Dernier scénario possible, enfin : celui qui verrait la « deuxième droite », comme l’appellent certains juppéistes, constituer une liste indépendante. « Si j’avais 40 ans, je ferais cette liste », a par exemple lancé Jean-Pierre Raffarin à ses congénères dans le huis clos de la cité mondiale. « Il y a un espace politique important qui est en train de se créer entre Emmanuel Macron et Laurent Wauquiez, qui à mon avis sera comblé », a ensuite assuré devant la presse l’ancien premier ministre, qui s’est toutefois gardé de trancher entre les différents scénarios à disposition.

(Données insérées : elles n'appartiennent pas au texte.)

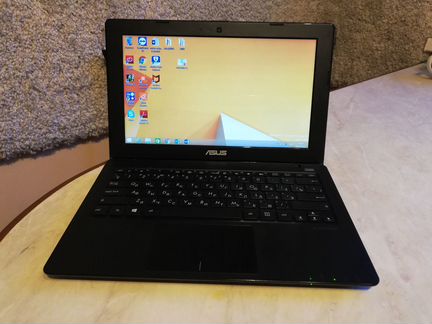 Ноутбук asus X200M 4/500GB (компактный и удобный)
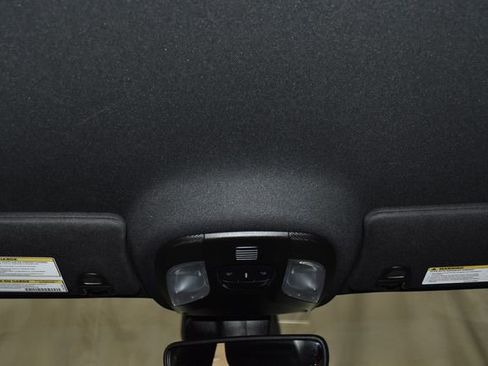 Used 2024 Jeep Compass Latitude image 19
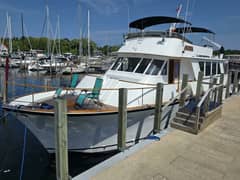 1976 Chris-Craft Roamer 60 photo 4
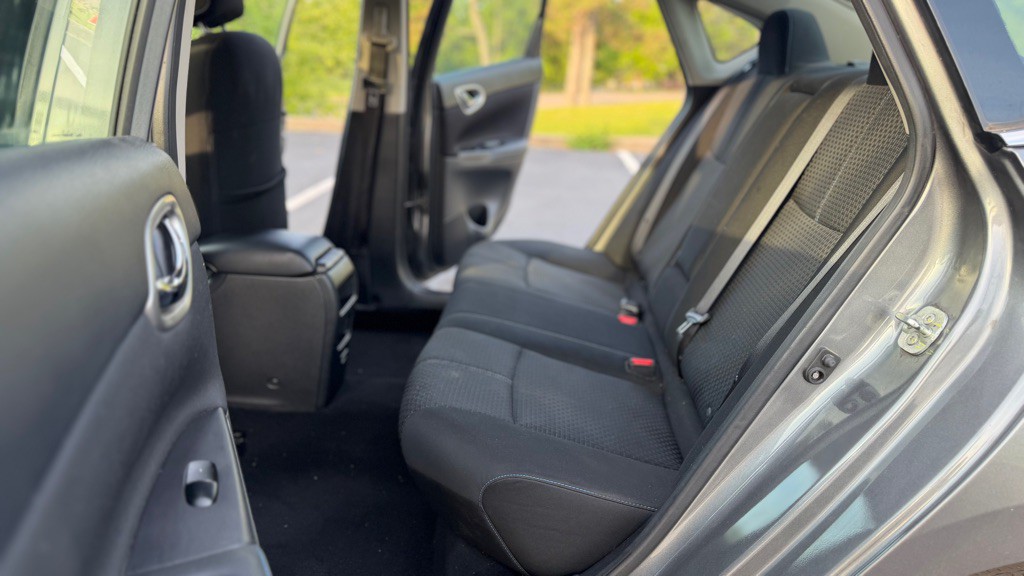 2019 Nissan Sentra Image 24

Juppé veut se concentrer sur Bordeaux

Le parti Agir et ses dirigeants — Franck Riester, Fabienne Keller, Pierre-Yves Bournazel — pourrait représenter la vitrine de cette liste indépendante. M. Juppé participera au congrès fondateur de cette formation, le 16 septembre. Mais comme le reconnaît un participant, cette hypothèse va grandement dépendre de la courbe de popularité du président de la République dans les semaines à venir.

« On ne va pas aux élections pour les perdre », convient cette source. « Pour les supplétifs du macronisme, ce n’est plus le temps des vendanges, c’est déjà celui de la vidange : ils ne servent à rien et n’iront nulle part », cingle Guillaume Larrivé, député LR de l’Yonne et soutien de M. Wauquiez.

Le président de LR et Alain Juppé ne risquent en tout cas pas de voir leurs positions se rapprocher. Le premier assume ainsi de parler « aussi bien à [la chancelière allemande] Angela Merkel qu’à Viktor Orban », le premier ministre hongrois, un eurosceptique chantre de l’« illibéralisme » et de la lutte contre l’immigration. Le second a quant à lui fustigé M. Orban, « un leader politique qui défend des thèses à l’encontre de tout ce que je défends ». Déclaration qu’Emmanuel Macron pourrait très bien signer des deux mains.

A 73 ans, M. Juppé ne compte néanmoins pas s’investir outre mesure sur la scène politique nationale. Il a de plus en plus de mal, en revanche, à cacher son envie de se représenter aux élections municipales à Bordeaux, en 2020. « Je n’ai plus d’ambition électorale... Nationale, bien sûr. Ou européenne ! », a-t-il souri lors de sa conférence de presse. Voilà au moins une chose de claire.